Dos días llevan dando la murga todos los cultos y sensibles
de este país con la muerte de Paco de Lucía, deshaciéndose en elogios para su
arte o para lo insigne e irrepetible artista que ha sido.
No tengo nada que objetar. Mi sensibilidad para cualquier
tipo de expresión artística ha sido siempre nula. Nunca me ha emocionado más el
sonido de una guitarra que las pedorretas del tubo de escape de una moto.
Tanto duelo…
Ha sido una persona que ha merecido respeto y admiración y
prestigio por hacer bien lo que sabía hacer bien ¿Merece tanto elogio algo tan
obligado como lo es hacer bien lo que se sabe hacer bien?
Pero, ya digo, no entiendo de esas cosas.
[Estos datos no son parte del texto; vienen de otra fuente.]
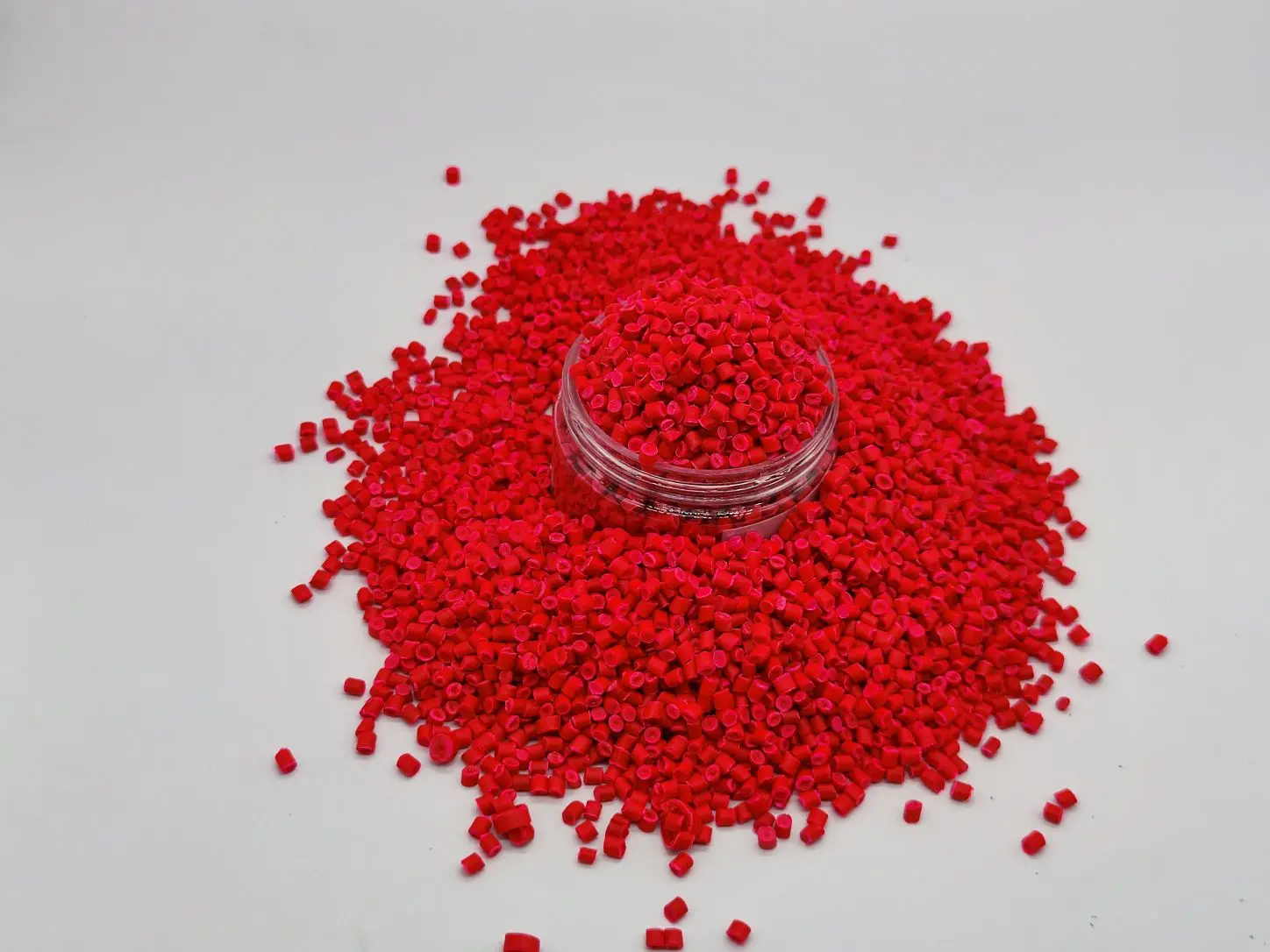 Низкая цена, Заводская поставка, темно-красный цвет, маточная смесь высокого качества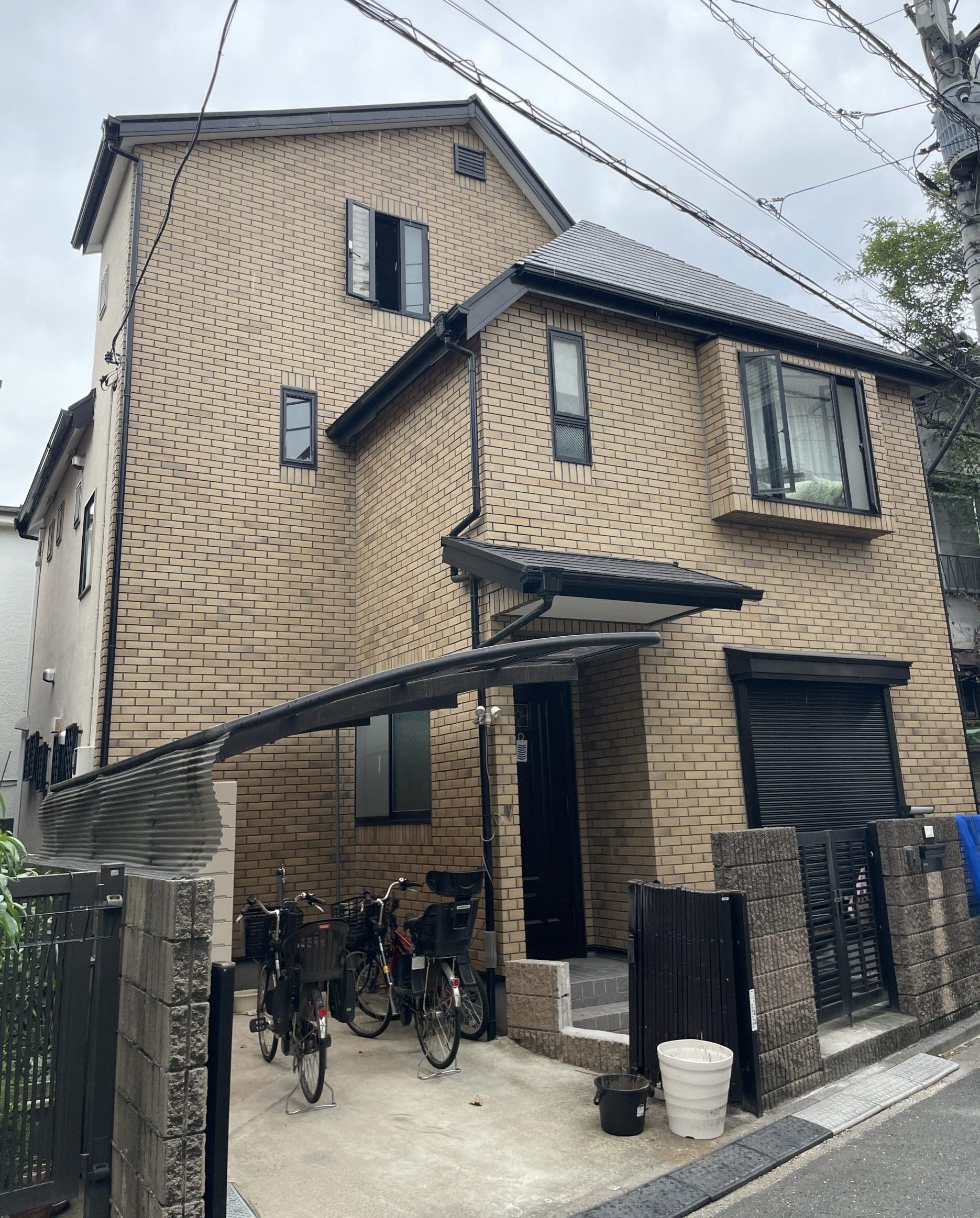 東京都荒川区(外壁塗装/屋根塗装/ベージュ)Before画像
Nunca me ha conmovido lo bonito, ni lo delicado, ni lo
excelso.
Me conmueve ver el cada día del mundo en el que vivo. Ir
caminando por la calle, o viajar en el metro, y ver tanta tristeza en tantos
ojos, y tanto abatimiento pesando sobre tantos hombros, y tanta indiferencia de
cada transeúnte atribulado hacia la tribulación del transeúnte atribulado con
el que se cruza.
Me conmueve ver tanta miseria y tanta pobreza. Y tanto egoísmo
y tanto ver y vivir cómo cada ser humano somos un buitre carroñero intentando
sacar con todo tipo de argucias los hígados al buitre carroñero de al lado.
Y el sufrimiento y el dolor y la mezquindad a que impelen
las carencias.
Me pone un nudo en la garganta ver cómo nos abordamos los
unos a los otros siempre pidiendo y demandando algo, nunca ofreciendo ni dando.
Todas esas cosas me conmueven. Pero no el arte.
El arte, todo el arte, me trae completamente al fresco.